7.00 p.m. |DISCU| Peter: Jesus' Fisherman
In Galilee, experts examine the archeological evidence surrounding
the lives of early fishermen, like Peter. A leading psychologist
explains how such a man made the transition from entrepreneur to
martyred leader of the Christian Church leader.

7.00 p.m. |HINT| Lost Civilizations: Rome: The Ultimate Empire
Sam Waterston narrates this Emmy Award-winning series that sweeps
through 7,000 years of history--from Ancient Mesopotamia to modern-
day Tibet--and transports viewers across the ages using dramatic
reenactments, location footage from 25 countries, and recent
archaeological discoveries to reconstruct the ancient past. In this
episode, we explore the glory of Rome--from founding to its zenith--
and march along as the Romans conquer the then-known world.

8.00 p.m. |HINT| Roman War Machine: First Our Neighbors, Then the
It began as a group of farmers defending the village of Rome from
warring neighbors, and grew to conquer an empire stretching from
Scotland to Arabia. Joseph Campanella hosts this history of the first
professional army. In Part 1, early Rome throws off the shackles of
Etruscan domination and creates a republic with an army.

9.00 p.m. |HINT| Roman War Machine: Roman versus Roman
By 55 BC, the Roman army had conquered nearly all the Mediterranean
region. Rome's greatest general, Julius Caesar, stood on destiny's
brink. After conquering Gaul, he planned to invade a distant, strange
island--Britain. But soon, the Roman army would find itself embroiled
in civil war as Roman faced Roman over the Rubicon.

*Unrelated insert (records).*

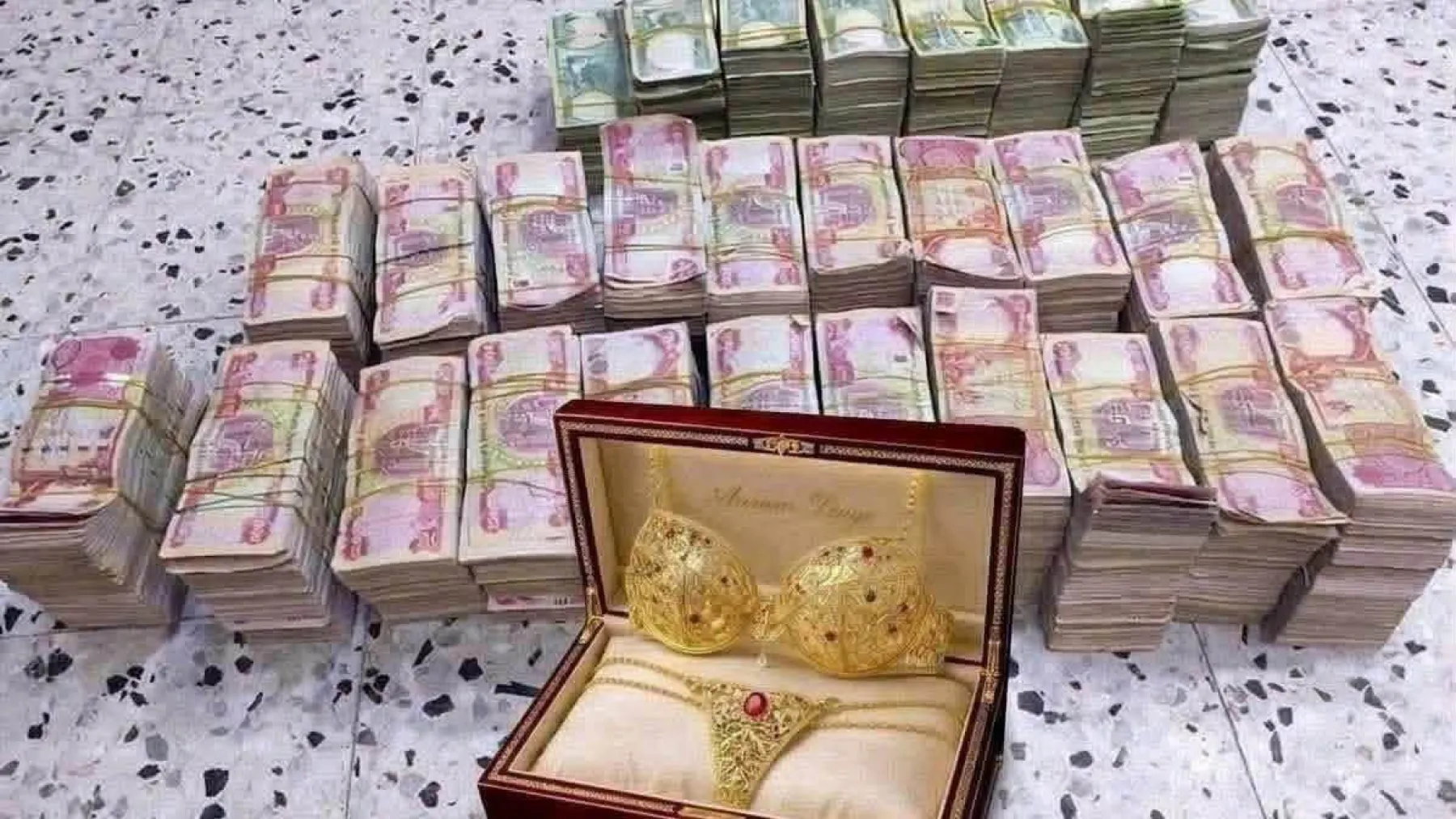 ما حقيقة العثور على ملابس داخلية ذهبية مرصعة بالأحجار ضمن مسروقات عالية النصيف؟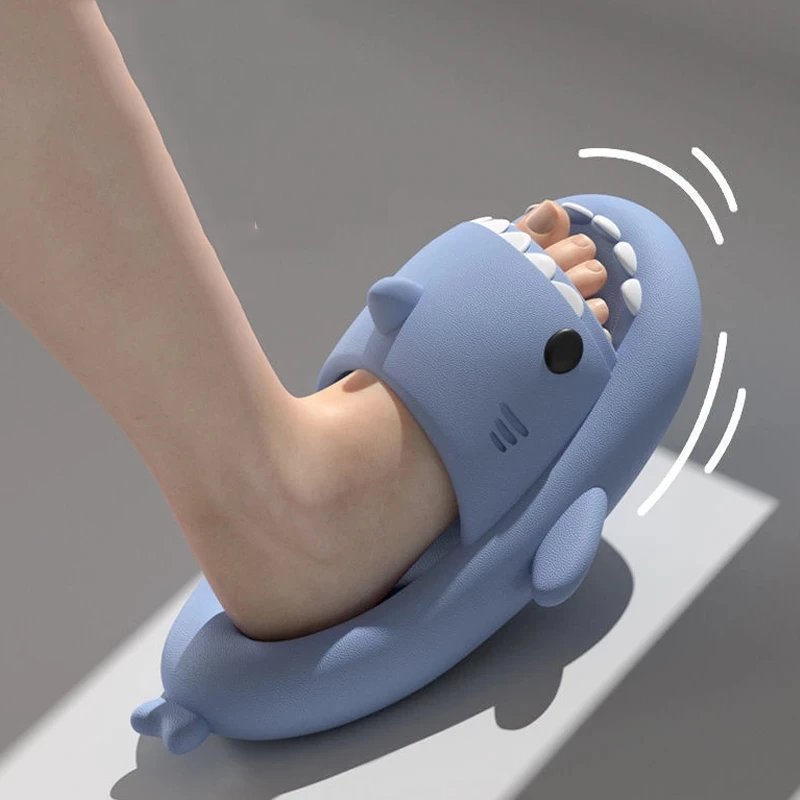 Womens Summer Sandals 2022 Flip Flops Men Shark-slippers Home Anti-skid Couple Fashion Shoes Outdoor Indoor Shark Slippers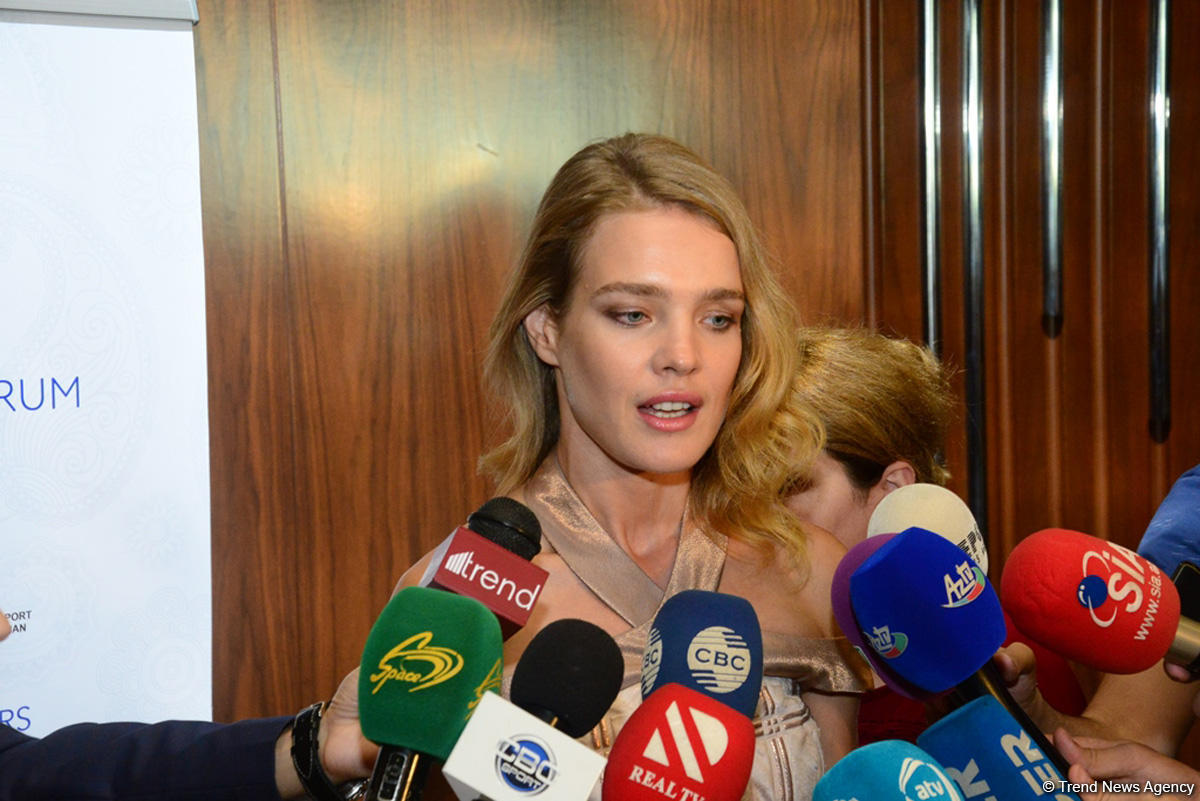 Bakıda Xüsusi Olimpiya Hərəkatı Gənc Liderlər forumu öz işinə başlayıb (FOTO)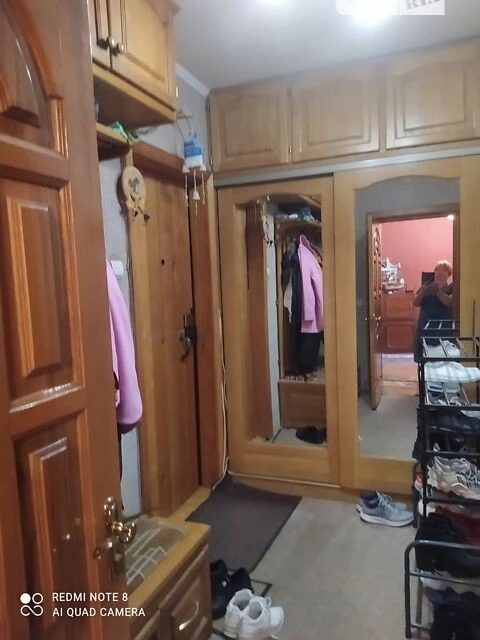 Здам в оренду кімнату на вул. Ревуцького 11Г довгостроково •
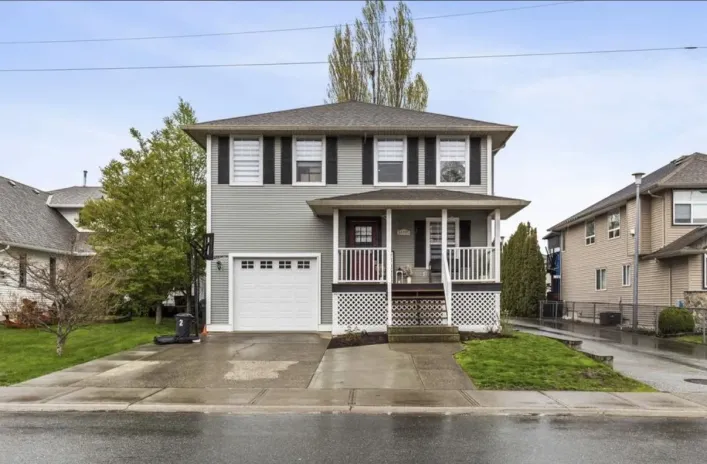34795 1 AVENUE, Abbotsford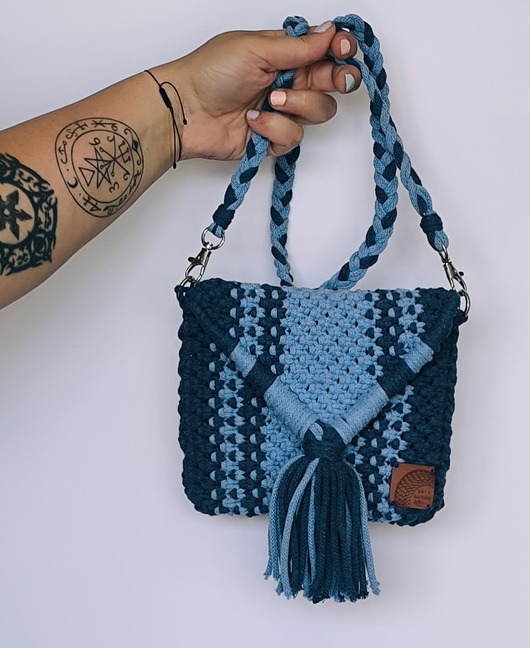 torby na ramię Mała torebka z frędzlami w stylu boho ze sznurka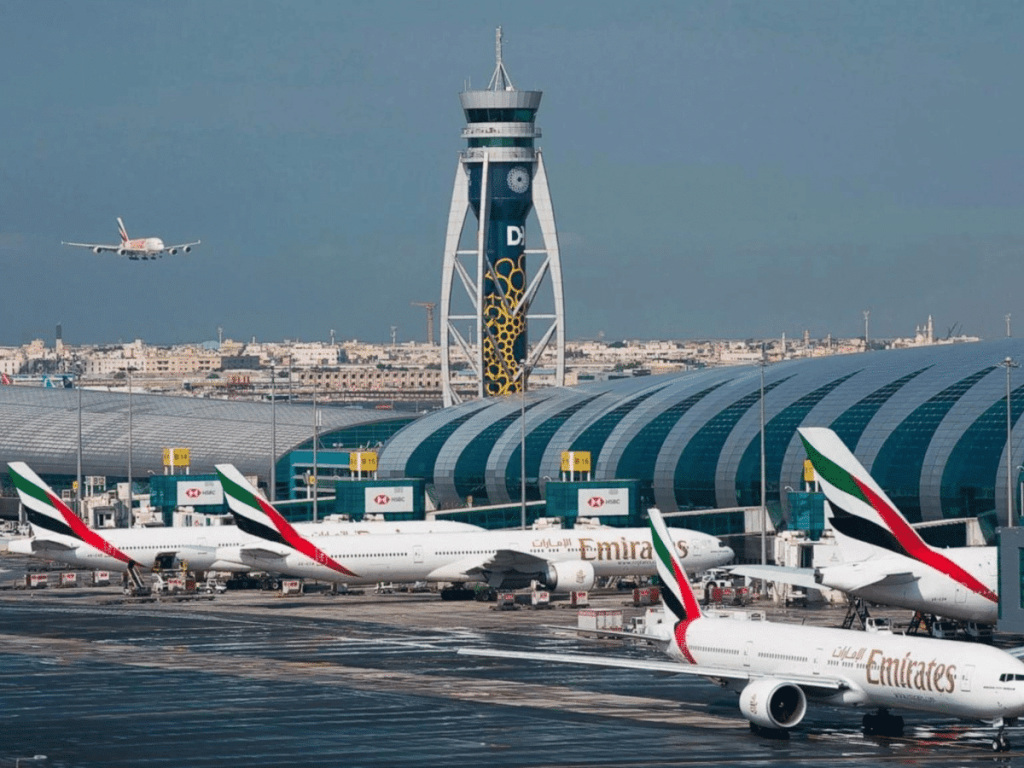 Emirates & flydubai: Was tun bei Flugausfall ab Dubai – Umbuchung, Rückerstattung und nächste Schritte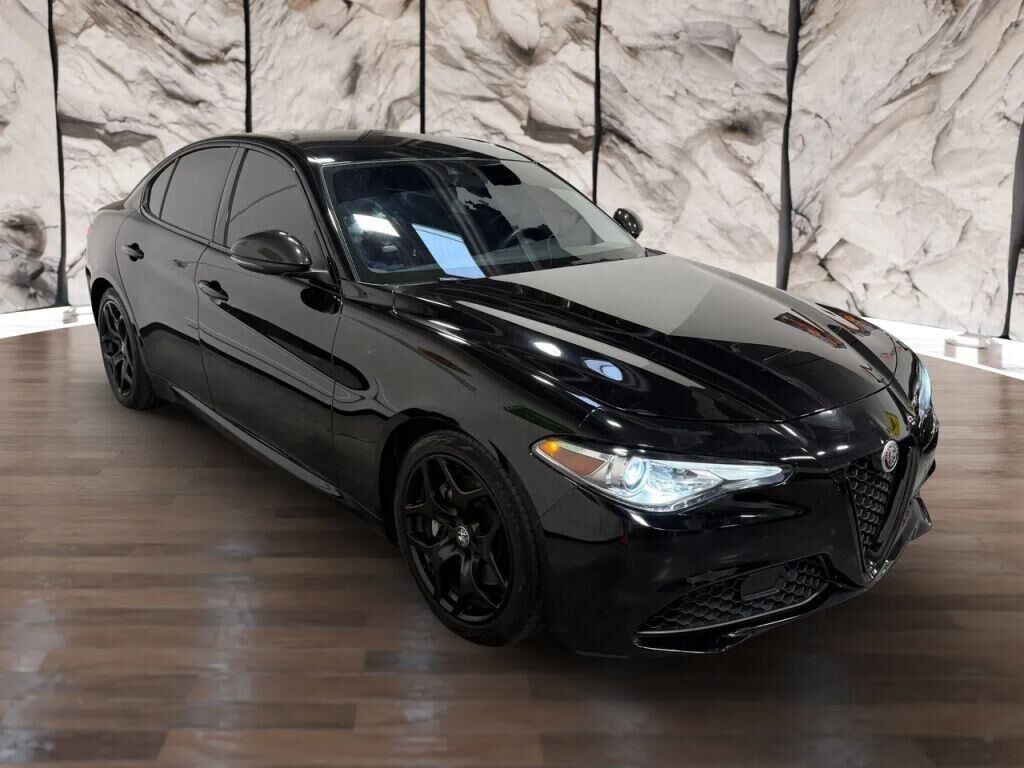 2021 ALFA ROMEO Giulia
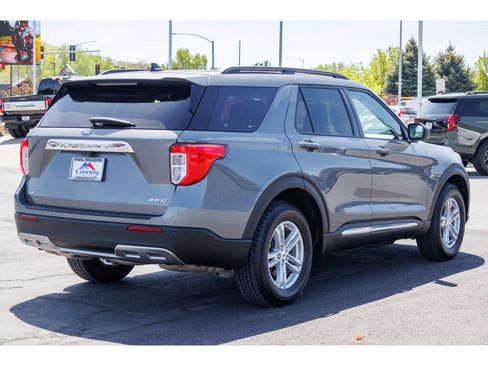 Used 2024 Ford Explorer XLT w/ Equipment Group 202A AWD/4WD image 3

10.00 p.m. |HINT| Roman War Machine: Roman Siege Warfare
If any ancient people dared defy Roman demands to surrender town or
city, a large arsenal of technologically advanced siege weaponry may
have been among the last sights they witnessed on earth. For siege
warfare was one of Rome's greatest tools for winning and keeping
control of its empire. Joseph Campanella hosts.

11.00 p.m. |HINT| Roman War Machine: Barbarians at the Gate
By the 2nd century AD, the empire had expanded as far as it could.
Consolidation was at hand. Instead of plundering new territories, the
Roman army reconstructed them. Because the army was the first Roman
presence in a new land, the soldiers and their architects, surveyors,
and engineers built their own defenses...some lasting 2,000 years.

HINT = History International

DISCU = Discovery Channel (US)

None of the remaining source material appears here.